Except I want to use complex-valued variables and functions.
First, I hypothesize the most parsimonious auxilary function possible that might work. My intuition says to use overlay a Dirac delta distribution on top of the reciprocal function. Maybe the following?
By $A \subset \mathbb{C}$, I denote a set defined by $\left\{x + i 0 \in \mathbb{C} \mid x \leq 0 \right\}$. By $g : ? \to ?$ I denote an auxiliary function that I define as $$g(x,y) = \begin{cases} i\delta_{x+iy}(A) &~\text{for}~ x+iy \in A; \text{and} \\ \frac{1}{x+iy} &~\text{otherwise}. \end{cases}$$
Questions:
(1) Does $g(x,y)$ have an antiderivative?
(2) What is its antiderivative?
(3) Is the definite integral zero around any closed path?
In the pticture below, I give a closed path. The path integral should equal zero taken along the path.
DISCLAIMER: Since OP edited his original question, changing it completely, the following post doesn’t seem to answer the question anymore.
A complex function $g:\Omega \to \mathbb{C}$ ($\Omega \subseteq \mathbb{C}$ open) has an antiderivative iff $\oint_\gamma g(z)\ \text{d} z = 0$ for any closed path $\gamma$ contained in $\Omega$. Your $g$ does not satisfy this assumption in $\Omega = \mathbb{C} \setminus \{ 0\}$, therefore it fails to have an antiderivative.

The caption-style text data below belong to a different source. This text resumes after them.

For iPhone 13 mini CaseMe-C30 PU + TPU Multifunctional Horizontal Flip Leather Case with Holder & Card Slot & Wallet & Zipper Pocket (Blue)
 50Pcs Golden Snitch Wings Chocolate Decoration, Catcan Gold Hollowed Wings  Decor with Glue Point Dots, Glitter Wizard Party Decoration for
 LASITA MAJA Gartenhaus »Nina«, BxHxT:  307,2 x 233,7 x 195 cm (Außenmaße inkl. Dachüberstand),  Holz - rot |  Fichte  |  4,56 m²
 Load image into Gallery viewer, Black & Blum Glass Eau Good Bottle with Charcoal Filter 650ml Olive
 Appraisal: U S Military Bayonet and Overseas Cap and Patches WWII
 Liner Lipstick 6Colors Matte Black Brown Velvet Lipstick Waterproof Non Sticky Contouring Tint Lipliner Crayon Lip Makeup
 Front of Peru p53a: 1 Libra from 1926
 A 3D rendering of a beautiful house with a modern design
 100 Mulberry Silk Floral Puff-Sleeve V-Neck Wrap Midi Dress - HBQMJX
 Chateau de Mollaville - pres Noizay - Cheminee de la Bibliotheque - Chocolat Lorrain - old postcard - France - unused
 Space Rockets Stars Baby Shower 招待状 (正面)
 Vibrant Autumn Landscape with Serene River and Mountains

On the other hand, your $g$ possesses a multi-valued antiderivative, namely $G(z) = \log z = \ln |z| + \imath\ \operatorname{arg} z$ (here $\ln$ stands for the real natural logarithm): in fact, each single-valued branch $\phi$ of $G$ is holomorphic and satisfies $\phi^\prime (z) = \frac{1}{z} = g(z)$ for each $z$ in its domain.